Allerdings, auch wenn der Roman mit den Worten beginnt: "An
dem Tag, an
dem das Mädchen erdrosselt werden sollte, war der Maler schon
morgens in die
Stadt gegangen", so ist der Weg bis zum Ende des Tages nicht
nur lang
und oft mühsam, sondern gelegentlich recht ermüdend.
De Moors Sprache (oder
die Übersetzung?) ist häufig genau so holprig wie
Elsjes Reise nach Amsterdam.
Zudem laufen die beiden Erzählstränge über
weite Teile des Romans
nebeneinander, ohne sich zu berühren. Erst zum Schluss
nähert sich de Moor
jenen Fragen, die schon von Beginn an unausgesprochen präsent
sind.
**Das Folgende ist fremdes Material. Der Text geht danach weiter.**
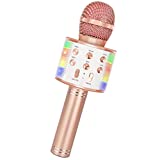 Karaoke Microphone for Kids, Fun Toys Karaoke Machine with Bluetooth & LED Lights, Home KTV Birthday Party Player, Christmas Stocking Stuffers for 5 6 7 8 9 10+ Years Old Girls Boys Teens(Rose Gold)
Trotzdem:
Mit vielen farbenfrohen Details gelingt es de Moor, in den dichtesten
Passagen
ein vielfältiges Bild von Alltag und Lebensbedingungen im
barocken Amsterdam zu
zeichnen und die so unterschiedlichen Lebenswege und Lebensbedingungen
wie von
dem jungen unbekannten Mädchen und dem berühmten
Maler anschaulich
darzustellen.
(Brigitte Lichtenberger-Fenz; 03/2011)
Margriet
de
Moor: "Der Maler und das Mädchen"
Aus dem Niederländischen von Helga van Beuningen.
Hanser, 2011. 304 Seiten.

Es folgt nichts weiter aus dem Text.